Stanford CS106B: Programming Abstractions

Created by: Roger Grosse
Intended for: CS106B students, those new to programming

CS106B, "Programming Abstractions," is the second term of Stanford's introductory programming sequence, taught in C++. It follows upon CS106A, "Programming Methodology," which covers the basics of programming itself (functions, control structures, classes, etc.). 106B is about basic data structures and algorithms, and how they can be encapsulated as abstract data types.

This guide is based on the class as it was taught in 2004, the year I took it. Things may have changed since then.

You can find lecture videos for the 2008 version of the course here.

Week 1: C++ language

The first week or so of the course covers aspects of the C++ language which are needed for the course -- mostly by highlighting the differences from Java, the language taught in 106A. The main new concept is pointers, but the language also has different syntax for things like classes and input/output.

If you haven't programmed before, check out our beginning programming roadmap, which covers comparable material to CS106A.

Weeks 2-3: recursion

The next two weeks focus on recursion, a programming technique where a function calls itself. Some computations, such as the factorial function or the solution to the Tower of Hanoi puzzle, have a natural recursive structure. Trees, an important data structure, are implemented most elegantly using recursive functions.

A lot of programming tasks can be formulated as search problems, where you want to find an object (e.g. an arrangement of queens on a chess board) which satisfies certain constraints (e.g. no queen can attack any other queen). (Or, sometimes, we want to find all such objects.) Recursive backtracking is a kind of brute-force search algorithm which tries to build solutions one component at a time, backtracking whenever the partial solution violates one of the constraints. One of the early assignments in the course is to use backtracking to find all of the words in a Boggle board.

Week 4: sorting

The course next introduces a prototypical algorithm design problem, sorting an array (i.e. arranging the elements in order). This unit also serves to introduce the idea of the asymptotic complexity of an algorithm -- how the running time scales with the input size, when you ignore constant factors. It covers insertion sort and selection sort, two simple O(n^2) sorting algorithms. It then introduces merge sort and quicksort, two efficient sorting algorithms based on the divide-and-conquer technique. Both algorithms are most naturally implemented as recursive functions.
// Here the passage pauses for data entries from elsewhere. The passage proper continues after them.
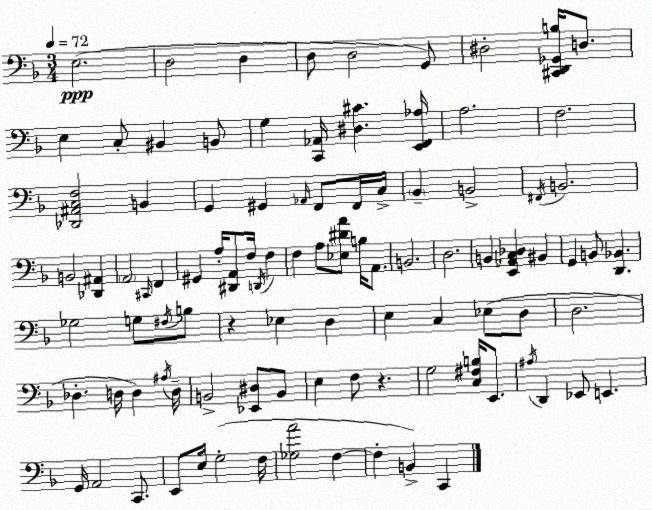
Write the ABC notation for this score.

X:1
T:Untitled
M:3/4
L:1/4
K:F
E,2 D,2 D, D,/2 D,2 G,,/2 ^D,2 [^C,,D,,_G,,B,]/4 D,/2 E, C,/2 ^B,, B,,/2 G, [C,,_A,,]/4 [^D,^C] [E,,F,,_A,]/4 A,2 F,2 [_D,,^A,,C,F,]2 B,, G,, ^G,, _A,,/4 F,,/2 F,,/4 C,/4 _B,, B,,2 ^F,,/4 B,,2 B,,2 [_D,,^A,,] A,,2 ^C,,/4 F,, ^G,, A,/4 [^D,,A,,]/2 F,/4 D,,/4 F, F, A,/2 [_E,^DA]/2 B,/4 A,,/2 B,,2 D,2 B,, [E,,_A,,C,_D,] ^B,, G,, B,,/2 [D,,_B,,] _G,2 G,/2 ^F,/4 B,/2 z _E, D, E, C, _E,/2 D,/2 D,2 _D, D,/4 D, ^A,/4 D,/4 B,,2 [_E,,^D,]/2 B,,/2 E, F,/2 z G,2 [C,^F,B,]/4 E,,/2 ^A,/4 D,, _E,,/2 E,, G,,/4 A,,2 C,,/2 E,,/2 E,/4 G,2 F,/4 [_G,A]2 F, F, B,, C,,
Weeks 5-9: data structures

Finally, the heart of the course is about data structures and their implementation. There are two ways of looking at data structures:

  • abstract data types (ADTs), which define the abstract operations the data structure must support, and the semantics of those operations, and
  • the actual implementation of the data structure

Abstract data types are an important example of the principle of abstraction, the idea that a system should hide the details of its implementation, so that the client can think about the problem at a higher level. Abstraction makes it easier to build complex pieces of software, and also makes it easier to modify the underlying implementation of the data structure, should one come up with a more efficient approach.

This part of the course starts by talking about two ADTs: stacks and queues. A stack is a "last-in-first-out" (LIFO) container, where one can "push" an item onto the stack, or "pop" the most recently inserted item, but one does not have access to any of the other elements in the stack. A queue is analogous, except that it is a "first-in-first-out" (FIFO) data structure, where one retrieves the elements in the order in which they were added.
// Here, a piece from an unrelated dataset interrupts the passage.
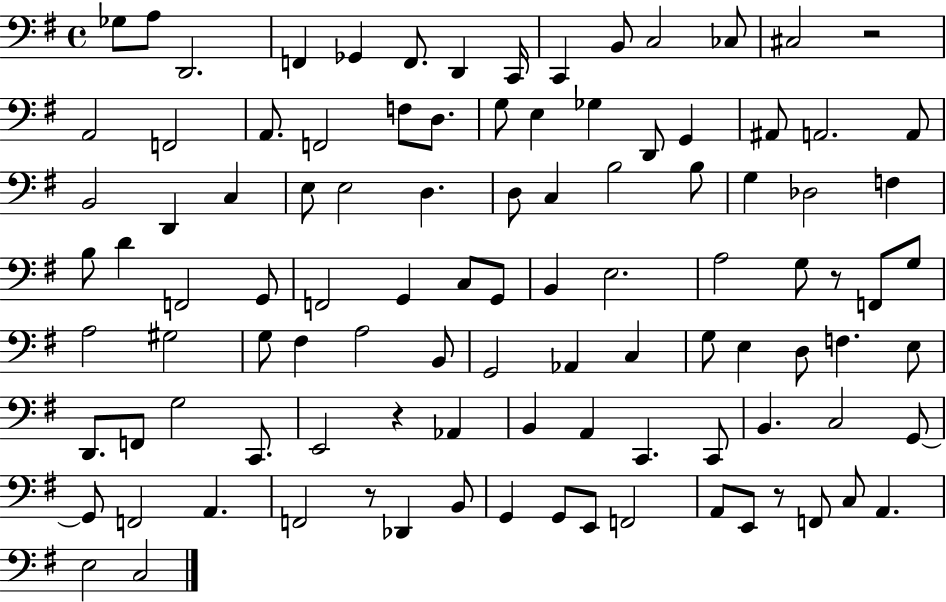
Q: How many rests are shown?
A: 5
This description leaves out how these ADTs are implemented. Either one can be implemented in terms of an array or a linked list.
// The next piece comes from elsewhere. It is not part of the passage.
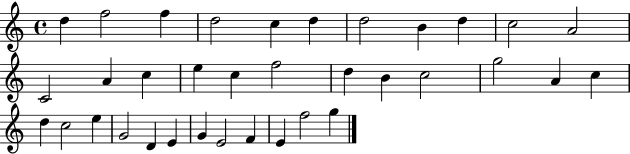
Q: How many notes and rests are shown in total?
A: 35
Container objects such as arrays, stacks, and queues, are supposed to be able to hold elements of arbitrary data type. This is known as generic programming, and in the context of the course, is done using C++ templates.

Another important ADT is the associative array, which stores and retrieves elements indexed by keys which need not be integers. (Most commonly, they are strings.) CS106B covers two data structures which efficiently implement associative arrays: binary search trees, and hash tables.

The class then covers some algorithms related to graphs, including finding a path from one node to another. This ties in with the units on recursion and ADTs: you can find a path using recursive backtracking. If you maintain the active set using a stack, you get depth-first search; if you use a queue, you get breadth-first search.

Finally, the course covers two more specialized data structures: heaps, which implement priority queues, and tries, an efficient way of storing sets of words which allows searching by prefix.